Repeat the entries word for word. Leave nothing out.
+ + + +
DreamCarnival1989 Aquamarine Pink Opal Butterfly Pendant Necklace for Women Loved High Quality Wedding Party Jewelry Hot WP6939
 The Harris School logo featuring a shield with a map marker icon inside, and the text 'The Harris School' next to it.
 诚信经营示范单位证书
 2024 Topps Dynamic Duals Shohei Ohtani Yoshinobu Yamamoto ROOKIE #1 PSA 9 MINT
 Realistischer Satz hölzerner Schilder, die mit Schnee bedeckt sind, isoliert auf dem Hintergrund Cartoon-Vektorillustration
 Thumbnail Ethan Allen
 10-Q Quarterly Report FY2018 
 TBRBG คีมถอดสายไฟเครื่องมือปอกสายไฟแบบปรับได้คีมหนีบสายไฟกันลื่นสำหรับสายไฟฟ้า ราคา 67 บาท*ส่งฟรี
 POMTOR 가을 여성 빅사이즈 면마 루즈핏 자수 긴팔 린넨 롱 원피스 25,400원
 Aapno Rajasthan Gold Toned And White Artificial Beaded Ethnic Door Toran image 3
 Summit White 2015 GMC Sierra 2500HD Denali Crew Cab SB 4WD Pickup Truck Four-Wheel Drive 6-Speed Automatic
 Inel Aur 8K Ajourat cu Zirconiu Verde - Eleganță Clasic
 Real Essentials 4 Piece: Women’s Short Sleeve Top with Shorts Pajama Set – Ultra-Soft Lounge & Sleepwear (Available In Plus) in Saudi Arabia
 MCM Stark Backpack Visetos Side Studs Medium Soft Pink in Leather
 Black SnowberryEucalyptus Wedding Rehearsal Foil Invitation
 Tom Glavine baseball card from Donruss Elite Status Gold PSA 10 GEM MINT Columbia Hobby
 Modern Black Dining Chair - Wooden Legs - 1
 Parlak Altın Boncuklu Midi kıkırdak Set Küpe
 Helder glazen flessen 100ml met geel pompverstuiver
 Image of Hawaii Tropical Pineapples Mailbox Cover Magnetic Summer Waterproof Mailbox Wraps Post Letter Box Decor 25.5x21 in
+ + + +
→ Reply
DreamCarnival1989 Aquamarine Pink Opal Butterfly Pendant Necklace for Women Loved High Quality Wedding Party Jewelry Hot WP6939
 The Harris School logo featuring a shield with a map marker icon inside, and the text 'The Harris School' next to it.
 诚信经营示范单位证书
 2024 Topps Dynamic Duals Shohei Ohtani Yoshinobu Yamamoto ROOKIE #1 PSA 9 MINT
 Realistischer Satz hölzerner Schilder, die mit Schnee bedeckt sind, isoliert auf dem Hintergrund Cartoon-Vektorillustration
 Thumbnail Ethan Allen
 10-Q Quarterly Report FY2018 
 TBRBG คีมถอดสายไฟเครื่องมือปอกสายไฟแบบปรับได้คีมหนีบสายไฟกันลื่นสำหรับสายไฟฟ้า ราคา 67 บาท*ส่งฟรี
 POMTOR 가을 여성 빅사이즈 면마 루즈핏 자수 긴팔 린넨 롱 원피스 25,400원
 Aapno Rajasthan Gold Toned And White Artificial Beaded Ethnic Door Toran image 3
 Summit White 2015 GMC Sierra 2500HD Denali Crew Cab SB 4WD Pickup Truck Four-Wheel Drive 6-Speed Automatic
 Inel Aur 8K Ajourat cu Zirconiu Verde - Eleganță Clasic
 Real Essentials 4 Piece: Women’s Short Sleeve Top with Shorts Pajama Set – Ultra-Soft Lounge & Sleepwear (Available In Plus) in Saudi Arabia
 MCM Stark Backpack Visetos Side Studs Medium Soft Pink in Leather
 Black SnowberryEucalyptus Wedding Rehearsal Foil Invitation
 Tom Glavine baseball card from Donruss Elite Status Gold PSA 10 GEM MINT Columbia Hobby
 Modern Black Dining Chair - Wooden Legs - 1
 Parlak Altın Boncuklu Midi kıkırdak Set Küpe
 Helder glazen flessen 100ml met geel pompverstuiver
 Image of Hawaii Tropical Pineapples Mailbox Cover Magnetic Summer Waterproof Mailbox Wraps Post Letter Box Decor 25.5x21 in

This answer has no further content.